When you repeat the entries below, please keep them exact and leave out the pictures.

> _Information given_
_____

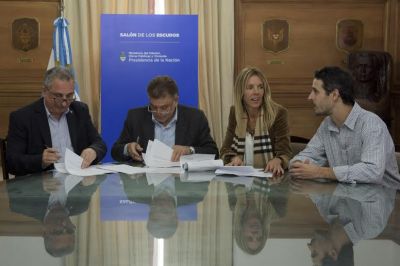 Passalacqua firm� convenio con Naci�n para construir viviendas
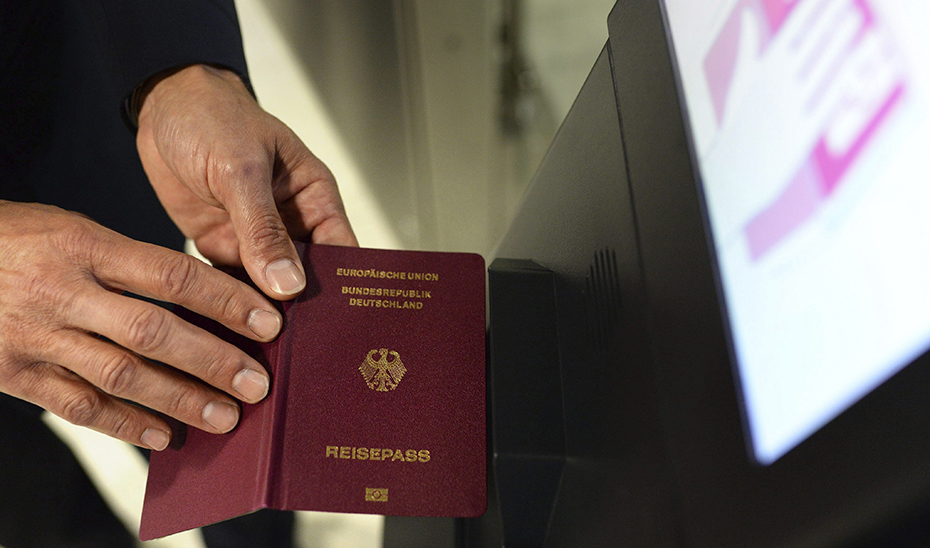 Un ciudadano europeo pasando su documentación en un control de pasaportes. (Foto: Efe)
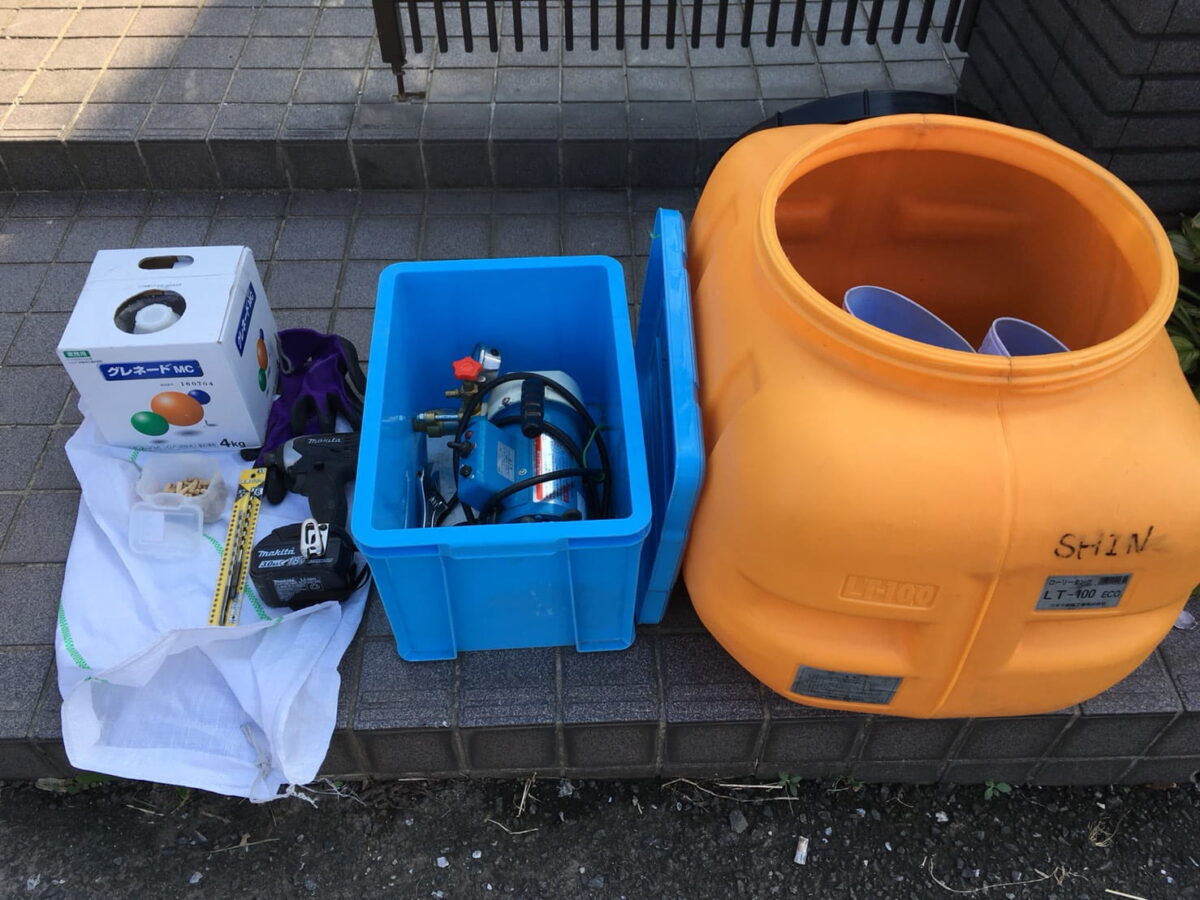 シロアリ対策に使う薬剤と散布器具の準備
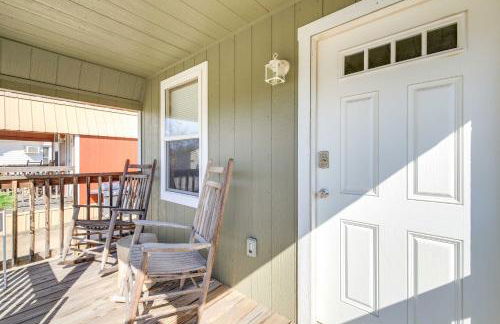 Charming Cabin Near Great Smoky Mountains! - Foto 14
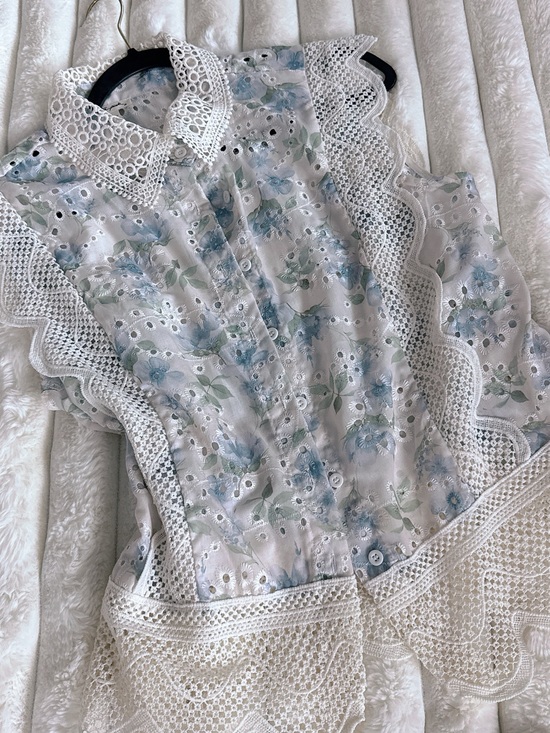 Tops - Baby Blue & White Floral Eyelet Lace Collared Sleeveless Blouse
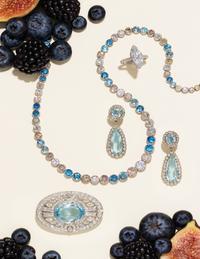 ART DECO, AQUAMARINE AND DIAMOND PENDANT/BROOCH
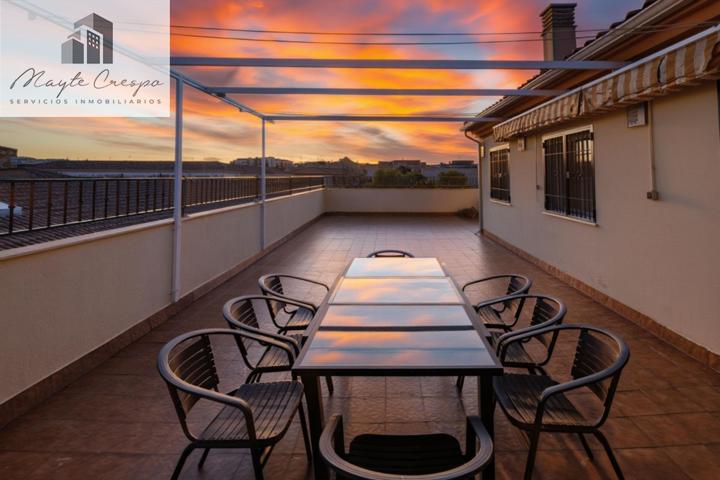 Ático en Armilla con Amplia Terraza y Vistas a Sierra Nevada 🏞️ photo 0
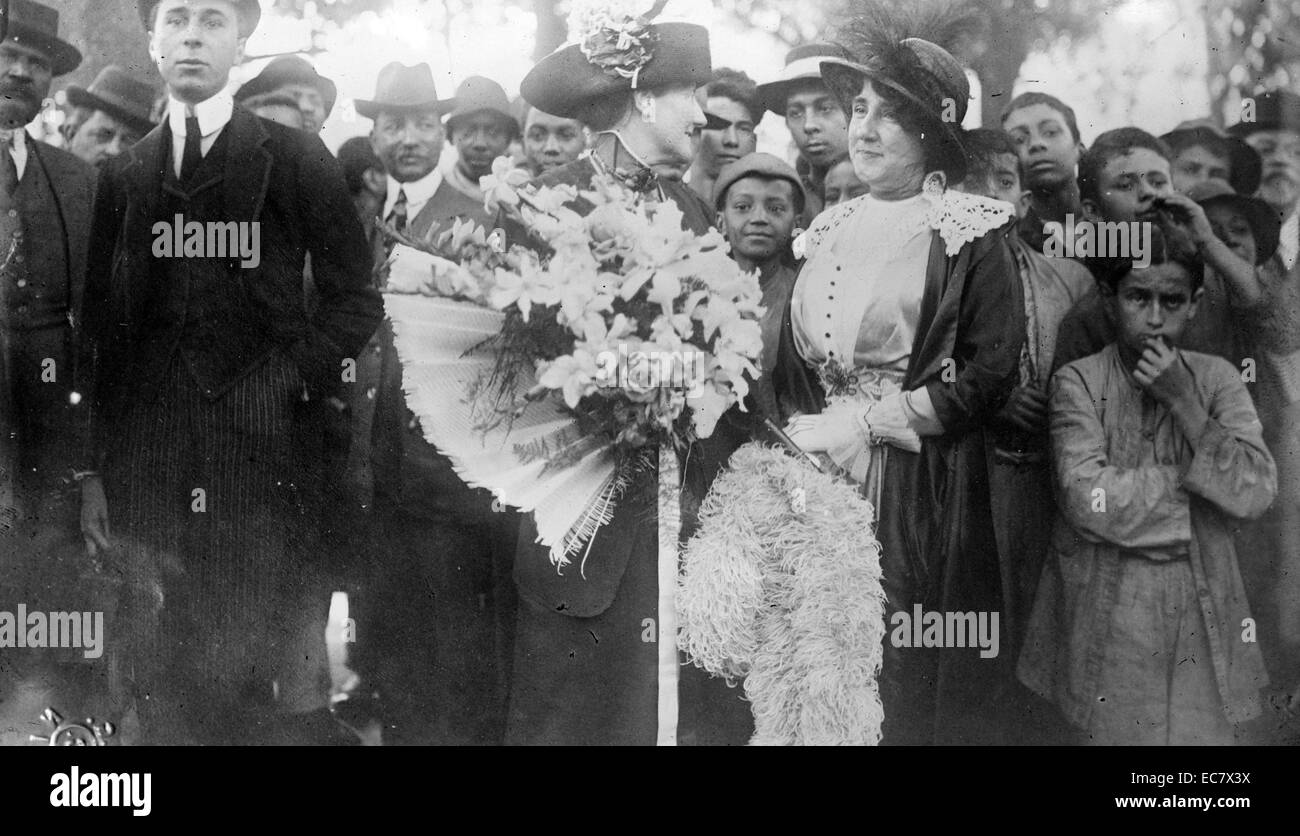 Frau Roosevelt (Edith Carow Roosevelt) in Rio de Janeiro, Brasilien während Präsident Theodore Roosevelt's Expedition in den Regenwald, die 1913 begann. Stockfoto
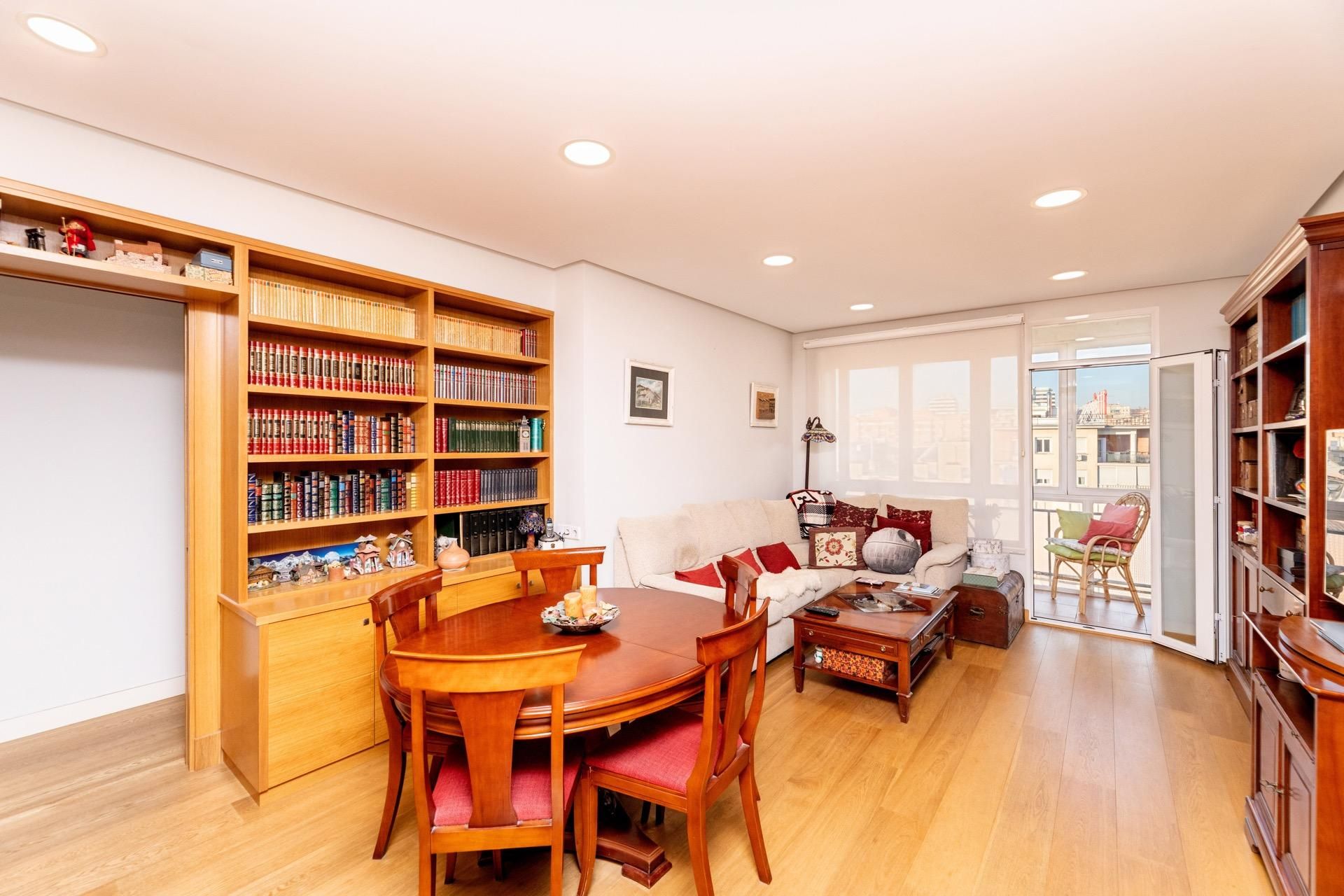 Sala de estar de Piso en venta en  Madrid Capital con Terraza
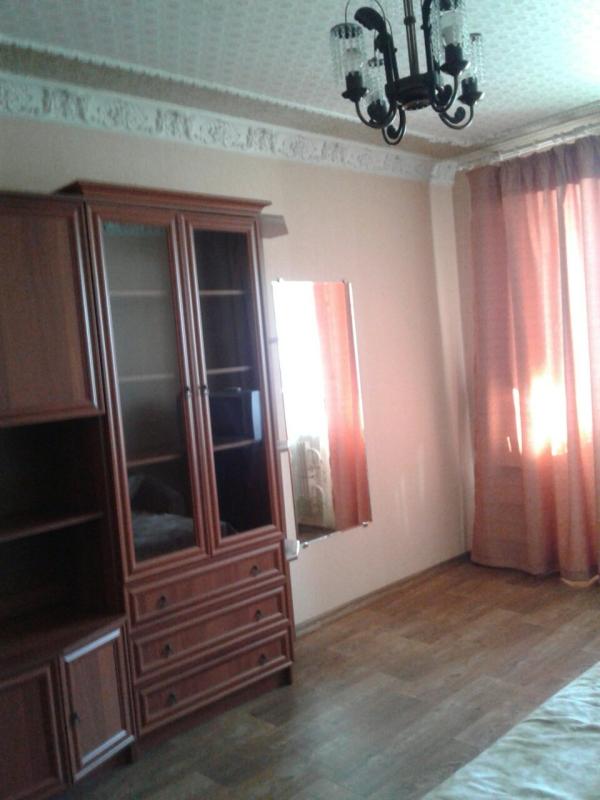 Продаж 2 кімнатної квартири 62 кв. м, Гвардійців-Широнінців вул. 72а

_____

> _Reply_
 Passalacqua firm� convenio con Naci�n para construir viviendas
 Un ciudadano europeo pasando su documentación en un control de pasaportes. (Foto: Efe)
 シロアリ対策に使う薬剤と散布器具の準備
 Charming Cabin Near Great Smoky Mountains! - Foto 14
 Tops - Baby Blue & White Floral Eyelet Lace Collared Sleeveless Blouse
 ART DECO, AQUAMARINE AND DIAMOND PENDANT/BROOCH
 Ático en Armilla con Amplia Terraza y Vistas a Sierra Nevada 🏞️ photo 0
 Frau Roosevelt (Edith Carow Roosevelt) in Rio de Janeiro, Brasilien während Präsident Theodore Roosevelt's Expedition in den Regenwald, die 1913 begann. Stockfoto
 Sala de estar de Piso en venta en  Madrid Capital con Terraza
 Продаж 2 кімнатної квартири 62 кв. м, Гвардійців-Широнінців вул. 72а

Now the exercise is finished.